- This Piece Has No Title Yet in 2021
- Artist: Cady Noland
- Year: 1989
- Medium: Beer cans, metal scaffolding, mixed media
- Location: Rubell Museum, Miami, Florida

= This Piece Has No Title Yet =

1989 art installation by Cady Noland

This Piece Has No Title Yet (originally exhibited as This Piece Doesn't Have a Title Yet) is the title of an art installation created by American artist Cady Noland in 1989. The installation premiered at The Mattress Factory in Pittsburgh and was included in the 1991 Whitney Biennial.

==Artwork==
This Piece Has No Title Yet is a room-sized installation made of several component parts. 1,100 six-packs of Budweiser beer are stacked together, lining the walls of the room. In front of the beer cans are rows of metal scaffolding draped with American flags and Budweiser promotional banners, keeping the stacked cans against the walls. Scattered across the room are cardboard boxes and wooden crates filled with Coca-Cola cans, tools, cleaning supplies, magazines, and American flags. Tools and equipment are littered on the floor, placed where the artist last used them when constructing the piece. A pair of handcuffs and several seatbelts hang from one portion of the scaffolding.

==Exhibition history==
The work was first installed at The Mattress Factory in Pittsburgh from October to December 1989. Elaine Dannheisser purchased the work after it was shown and subsequently donated it to the Museum of Modern Art. The piece was included in the 1991 Whitney Biennial, where it was installed in a corner on the top floor of the exhibition. Don & Mera Rubell purchased the piece from MoMA in 1996 for their collection, eventually installing it in the Rubell Museum in Miami.

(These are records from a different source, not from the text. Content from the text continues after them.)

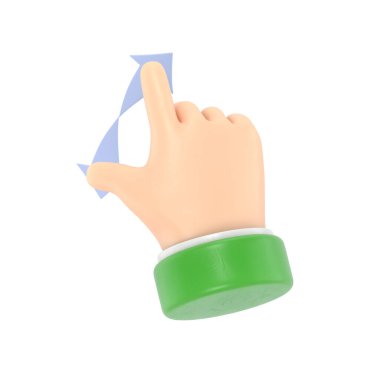 Parmakları havada. 3d oluşturma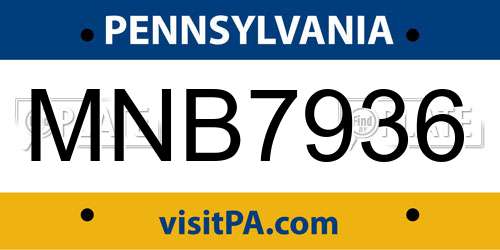 MNB7936 Pennsylvania License Plate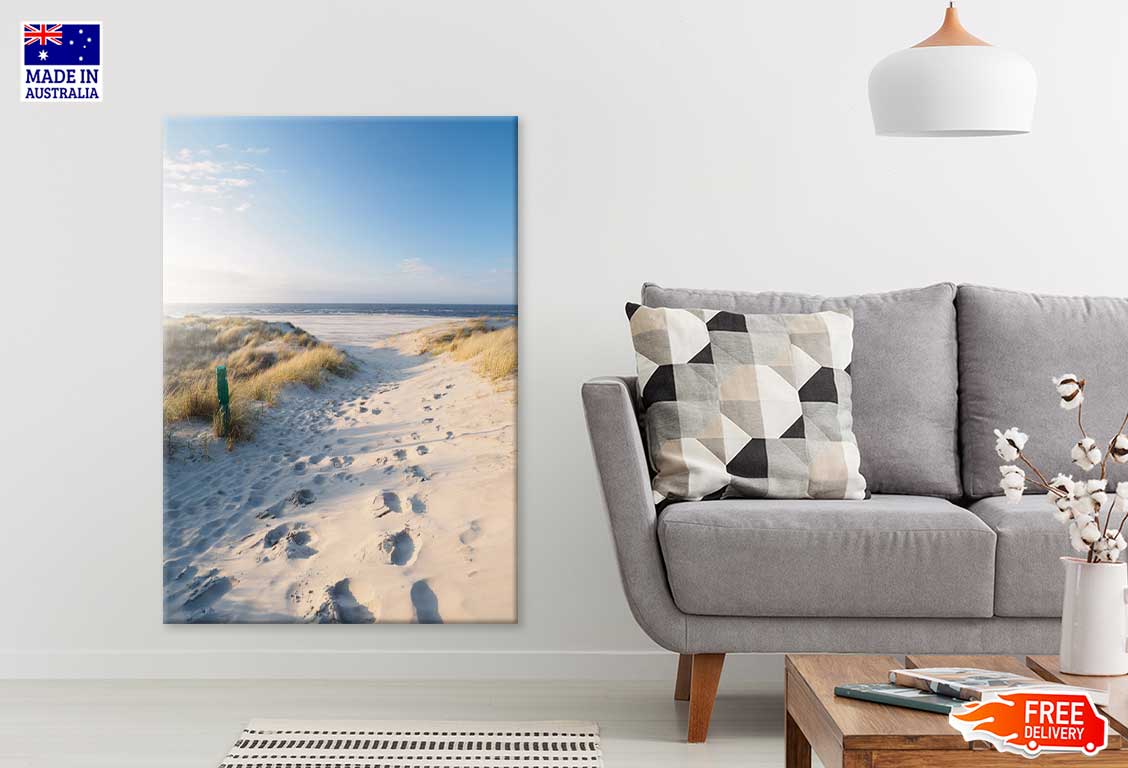 Dunes North Sea with Blue Sky Photograph Print 100% Australian Made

==Reception and analysis==
Upon seeing the sculpture for the first time, former San Francisco Museum of Modern Art curator John Caldwell called the work "jaw-dropping". Dealer and curator Jeffrey Deitch called the work Noland's "masterpiece, her greatest work."

Critical opinions of the work as installed in the 1991 Whitney Biennial diverged widely, with some critics praising the installation and others heavily critiquing it. Writing in the Los Angeles Times, Christopher Knight said that Noland "pretty much walk[ed] away with the Biennial." Comparing Noland's work positively to what he labeled a mostly "lackluster" group of works by other young artists on the top floor of the exhibition, critic Michael Kimmelman wrote that her installation "slowly suggests in its odd stackings of cans and placement of objects that a mysterious and compulsive sensibility may be at work." Similarly, critic Ken Johnson, grouping Noland with Kiki Smith and Jim Shaw as artists whose "genuinely compelling qualities" should not be overlooked amidst the "prevalence of juvenile tendencies on the top floor," said that she "hits some deep notes" in a "sociological way." Writing in Art Papers, critic Susan Canning said the placement of Noland's "subversive and messily unfinished installation" in the back corner of the exhibition – as opposed to a more well-trafficked gallery near the entrance – represented "the curator's lack of commitment to the social and political discourse of contemporary art." Conversely, critic Thomas McEvilley wrote in Artforum that Noland's installation "might be a candidate for the emperor's new clothes of this biennial." Writing in Women's Art Magazine, critic Louisa Buck said that "while [Noland's] work is a blunt comment on the vacancy of American culture and the banality of art, politics and consumer culture, it seems too loose and arbitrary to have real critical teeth." Critic Arthur Danto called Noland's work an "intolerable and patronizing exercise", writing that her installation and the rest of the works on the top floor of the show exuded a "mood of aggressiveness."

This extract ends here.